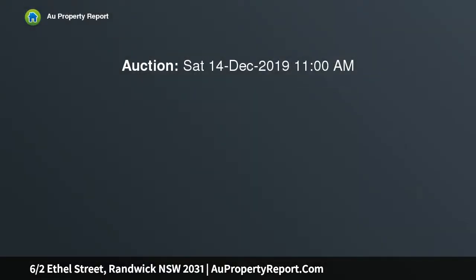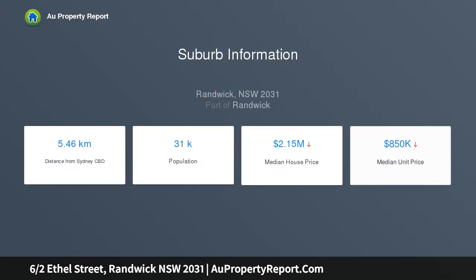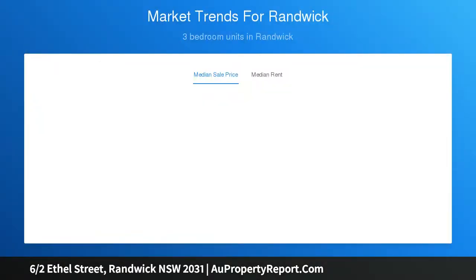Morning sunshine streams into the interiors of this stylish boutique apartment with expansive district views enhancing a sense of peace and privacy. On the top floor of the recently renovated High Point, the beautifully presented apartment is wrapped in windows on three sides, with every room capturing elevated views that create an uplifting backdrop by day and an alluring outlook by night.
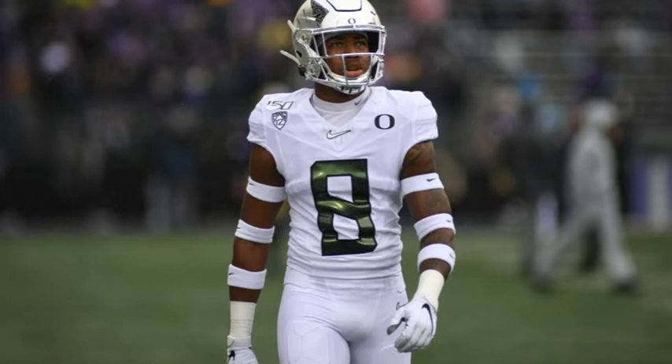They think Las Vegas would be a pretty good fit for him because Las Vegas is in need of a slot corner. Javon Holland did such a tremendous job tackling, taking good angles — tackling has become such a crucial part of the NFL now.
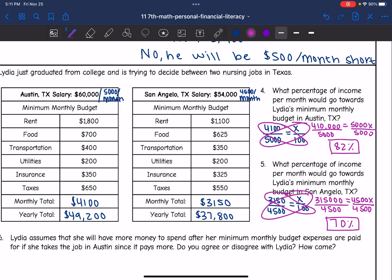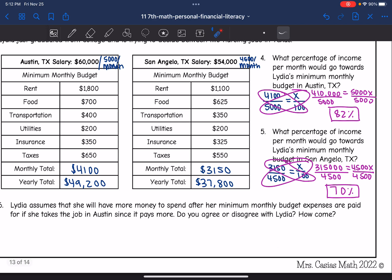Number six says Lydia assumes she will have more money to spend after her minimum monthly budget expenses are paid if she takes the job in Austin since it pays more. Do you agree or disagree? I disagree — 82% of Lydia's salary in Austin would go towards minimum expenses, while only 70% of her salary in San Angelo would go towards minimum expenses because the cost of living is lower there. So the cost of living is higher in Austin and she'll have to spend more on her minimum monthly budget.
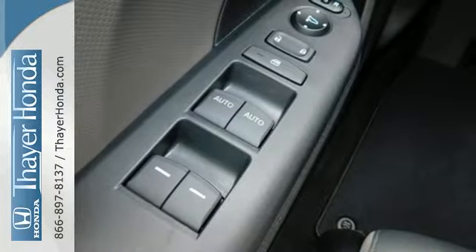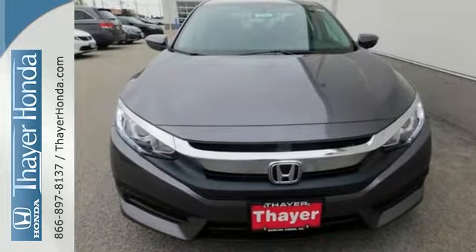Get ready to be amazed. Test drive this wonderful Honda Civic and make it yours today.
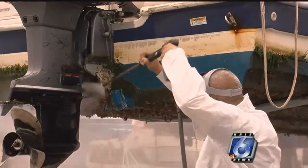Zebra mussels can attach themselves to boats and infest other bodies of water. And if they get into the infrastructure in the lakes or the reservoirs where the water is coming from, if they get into the dams, they can actually clog up the infrastructure.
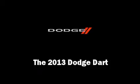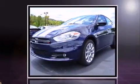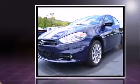The 2013 Dodge Dart. This four-door, five-passenger sedan provides a satisfying ride for all passengers. The engine breathes better thanks to a turbocharger, improving both performance and economy.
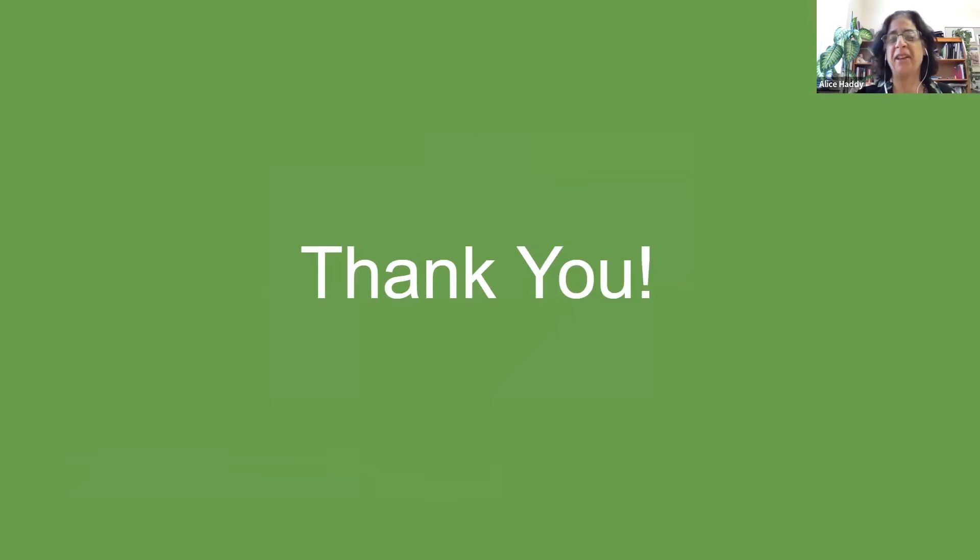Thank you, Alexis — that was really interesting. I never knew that much before about milkweed or monarch butterflies. I'd like to open the floor for questions. Anybody can use the raise hand feature or just raise your hand.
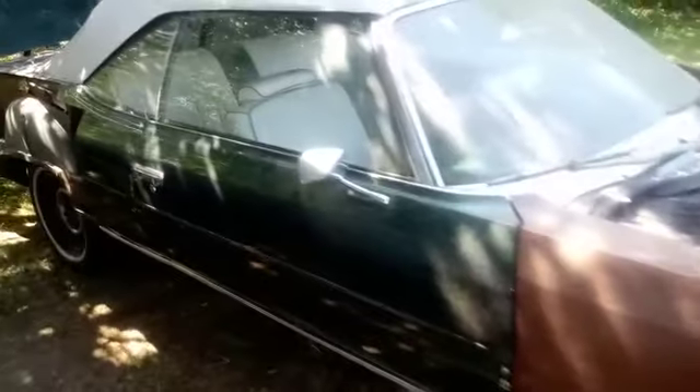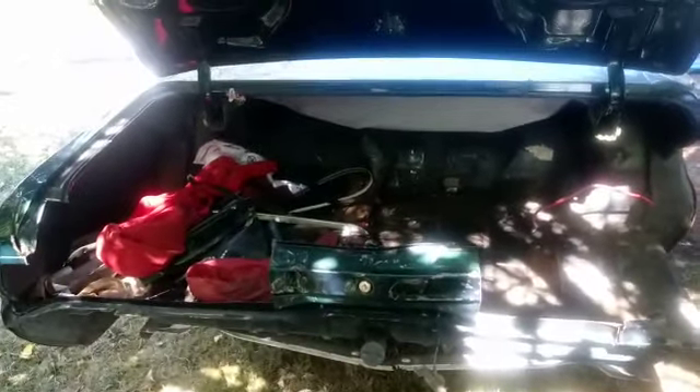I have every piece needed for this car — every piece that comes with the car. The car was hit in the back. It was my homeboy's car. I bought it, thought about putting it together, and nah. This car deserves to be put together the right way.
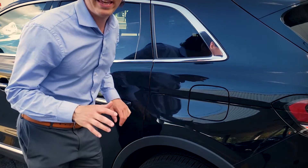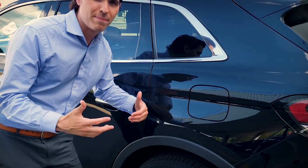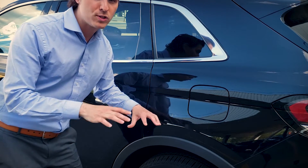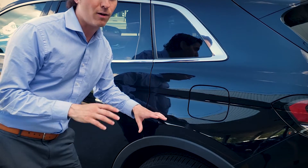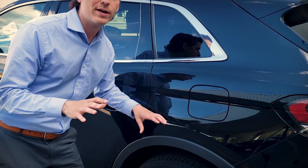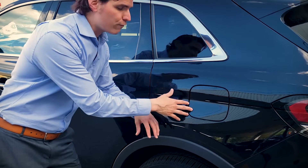One of the nice things about the Lincoln lineup: typically with luxury vehicles you have to use premium gas, however you're fine using regular 87 octane, which means you can save yourself a couple bucks at the pump. But like any performance vehicle, if you use 89 or 91 octane instead, you are going to get slightly better performance out of it. Pretty straightforward.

• **Your goal**: Each line above starting at the one holding "Get ready to" and ending at the one holding "I have every" should be set down exactly as it stands, both ends included, with no pictures.

• **Worked solution**:
Get ready to be amazed. Test drive this wonderful Honda Civic and make it yours today.
Zebra mussels can attach themselves to boats and infest other bodies of water. And if they get into the infrastructure in the lakes or the reservoirs where the water is coming from, if they get into the dams, they can actually clog up the infrastructure.
The 2013 Dodge Dart. This four-door, five-passenger sedan provides a satisfying ride for all passengers. The engine breathes better thanks to a turbocharger, improving both performance and economy.
Thank you, Alexis — that was really interesting. I never knew that much before about milkweed or monarch butterflies. I'd like to open the floor for questions. Anybody can use the raise hand feature or just raise your hand.
I have every piece needed for this car — every piece that comes with the car. The car was hit in the back. It was my homeboy's car. I bought it, thought about putting it together, and nah. This car deserves to be put together the right way.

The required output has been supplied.